With SQL server, there IS a way to replicate an entire database, or parts of of a database. The part of a database is handled with Merge Replication, in which you define what tables to replicate, and what criteria under which data is replicated. I like that option! Consider this environment:

I have a water quality geodatabase (in SQL), which is big, complex, has lots of legacy stuff in it that I just don't feel like dealing with right now. Replicating or mirroring the entire database is not an option....because.....in a brilliant management decision, the "datacenter" was placed in a building very far from any modern telco hubs. On a good day I can actually download email attachments. The problem is, the users of this database are every where else but in this building.

More drama: We're drinking the Portal for ArcGIS Cool Aid and high on Collector for ArcGIS. Can't really connect my database to either of those technologies using carrier pigeons.

But I do have some very limited in capacity database and application servers in the "cloud". Certainly not the kind that can house a 7GB water quality database, but here's an idea. What if I could replicate the feature classes that are most needed operationally to these cloud platforms? Field users could get to their data, and I could consume it in my remote datacenter in other applications. All they need access to is the "dots on the map" for their mobile devices, desktop applications, and management access to web-based maps (what stream did that oil spill impact?).

Here's what we'll need:

An obnoxiously massive and complex SDE/SQL database called "FISH";
A feature class that's been around forever and has a ton of data called "TEST";
A remote SDE/SQL database called "FISHREPL" which is the same SQL/SDE version as "FISH";
A horrible internet connection.

This is a multi-part blog post, here are the steps:

Real-time Geodatabase Replication? Part 1

Real-time Geodatabase Replication? Part 2

Real-time Geodatabase Replication? Part 3

Real-time Geodatabase Replication? Part 4

Real-time Geodatabase Replication? Part 5

Real-time Geodatabase Replication?

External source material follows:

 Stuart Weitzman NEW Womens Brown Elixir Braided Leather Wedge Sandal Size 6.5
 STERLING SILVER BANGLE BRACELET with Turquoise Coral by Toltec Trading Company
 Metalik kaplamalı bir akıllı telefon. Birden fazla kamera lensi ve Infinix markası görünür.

Part 6

And of course a few caveats: This only works with unversioned data which places quite a limit on things. In some cases the cons of having unversioned feature classes are not as great as the pros of having a real-time replication service.

Please bear in mind that this method of replication is extremely unsupported. I just did it because I like tinkering under the hood of SDE and wanted to see if it would work. It "sort of" does! However in contrast to the out-of-the-box ESRI replication tools, this process sure resolves a lot of headaches for me. I can attach user-editors to a local SDE instance where "bulk" editing occurs and SQL Merge Replication will fire those changes to the "cloud" SDE instance where the rest of my organization can access (and edit) the data through Portal for ArcGIS, and my mobile clients can perform edits and updates using Collector for ArcGIS. And it works continuously. Full-time. Even with file attachments-enabled and 2 mb photos being attached to a point those changes sync within 60 seconds. SQL replication in 2012 is very efficient in compressing data and ONLY sending deltas. When I generate a "snapshot" of a feature class with file attachments, SQL sees 50 mb of data that needs to be replicated. Performing a versioned-checkout of the same data using the Distributed Geodatabase tools results in a 220 mb file geodatabase.

But emphasis on "experimental". There is a lot of overhead to managing SQL Merge Replication and you can really screw up some operational data. If you get it working after following this blog series I suggest you spend some time deliberately breaking things and see if you can recover your data integrity! Otherwise stick to the ESRI replication tools. They work. When you push the button.....

This is a personal blog and does not recommend, endorse, or support the methods described above. Alteration of data using SQL outside of the ESRI software stack, of course, is not supported and should not be applied to a production database without a thorough understanding and disaster recovery plan.